Attacks by black bears can be extremely hazardous, and they even occasionally result in death; nonetheless, the likelihood of ever being attacked by a bear is extremely low.
According to research published in the Journal of Wildlife Management in 2011, only about 63 individuals were murdered by non-captive black bear encounters in the United States and Canada combined between the years 1900 and 2009.
To see a mother bear with bear cubs from a range might be thrilling. Still, a bear encounter can quickly become hazardous, particularly if you startle the animal, mistakenly enter its feeding grounds, or go too close to their kids.
The National Park Service of the United States estimates that the likelihood of being wounded by a bear attack while visiting Yellowstone National Park is approximately one in 2.7 million.
However, venturing out into the wilderness requires you to be prepared for the chance of running into wild animals, especially black bears.
Do black bears attack humans?
An attack on a person by a black bear is highly unusual. However, it is not impossible. According to the findings of a study conducted by The Wildlife Society, there were 59 fatal attacks between 1900 and 2009.
To put that into perspective, the possibility of accidentally suffocating yourself with your bedsheets is around one hundred fifty times riskier.

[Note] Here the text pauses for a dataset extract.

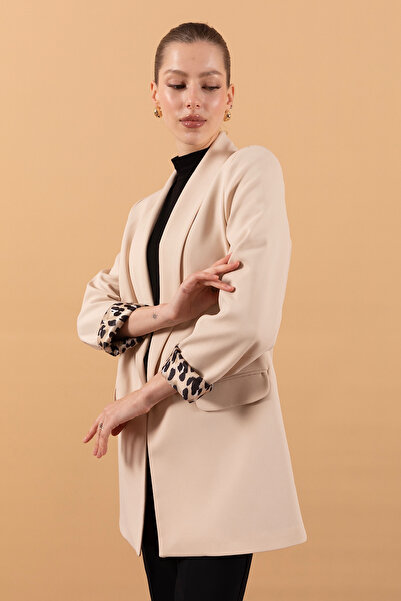 Stilife Камінь Колір Шаль Комір Блейзер Куртка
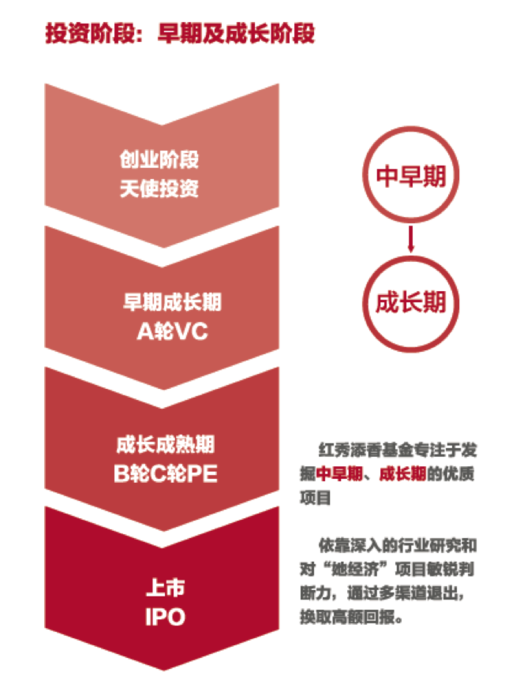 投资阶段：早起及成长阶段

It is of the utmost need to maintain a safe distance when around wild black bears. The course of action will ensure the least amount of risk for both humans and black bears.
To be more specific, it is against the law to intentionally approach a black bear within 150 feet or at any distance that causes the black bear to get agitated.
Before deciding whether or not to launch an actual assault, a bear will frequently engage in what is known as a bluff charge.
The National Park Service of the United States identifies two distinct categories of black bear attack charges that visitors should be on the lookout for. A bluff charge is the initial type of charge and the most prevalent type.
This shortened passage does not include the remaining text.